A project that is vital to support the growth of the container market, a cargo-handling sector that generates economic development for Montreal, Quebec and Eastern Canada, has entered a crucial phase.

The Montreal Port Authority (MPA) has proposed the construction of container port terminal on its property at Contrecoeur, located some 40 kilometres downstream from Montreal, in order to handle containerized cargo growth through the port. The terminal would have a maximum annual capacity of 1.15 million TEUs (20-foot equivalent unit containers).

“This is more than just a port terminal. It’s an important, forward-looking project for the Quebec and Canadian economies. It will help continue to connect businesses here with the entire world for the years to come,” said Sylvie Vachon, the MPA’s President and Chief Executive Officer.

The MPA understood long ago that it would need to prepare for the future, given the very positive growth forecasts in the container sector. The port’s container-handling capacity on the island of Montreal is 2.1 million TEUs. More than 1.5 million TEUs moved through the port in 2017.

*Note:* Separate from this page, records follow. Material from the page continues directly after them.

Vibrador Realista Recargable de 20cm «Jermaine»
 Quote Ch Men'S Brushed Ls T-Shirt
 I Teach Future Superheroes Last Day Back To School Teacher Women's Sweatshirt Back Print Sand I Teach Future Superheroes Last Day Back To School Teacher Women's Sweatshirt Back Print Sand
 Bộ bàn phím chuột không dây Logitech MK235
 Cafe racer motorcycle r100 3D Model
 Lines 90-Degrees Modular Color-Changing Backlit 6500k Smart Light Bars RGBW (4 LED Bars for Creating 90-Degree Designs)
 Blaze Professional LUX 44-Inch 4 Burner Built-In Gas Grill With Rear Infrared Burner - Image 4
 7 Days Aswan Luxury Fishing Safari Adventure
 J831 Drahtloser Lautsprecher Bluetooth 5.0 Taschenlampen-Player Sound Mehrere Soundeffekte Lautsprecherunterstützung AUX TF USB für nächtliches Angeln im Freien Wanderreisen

“The annual growth among our clients and the arrival of the Comprehensive Economic and Trade Agreement (CETA) with the European Union tell us that we will soon reach capacity in Montreal,” Ms. Vachon said. “We need to be ready. We can never afford to hang a ‘no vacancy’ sign at the port entrance.”

The Contrecoeur Port Terminal Expansion project crossed a key milestone in January when the MPA released the main findings of the project’s Environmental Impact Assessment (EIA), made public by the Canadian Environmental Assessment Agency (CEAA). The MPA carried out the assessment in collaboration with a team of experts from SNC-Lavalin. The study examines numerous issues, grouped under five themes: road and rail traffic; the environment – water and land; marine transportation; economic benefits; and human environment – impacts for neighbouring communities.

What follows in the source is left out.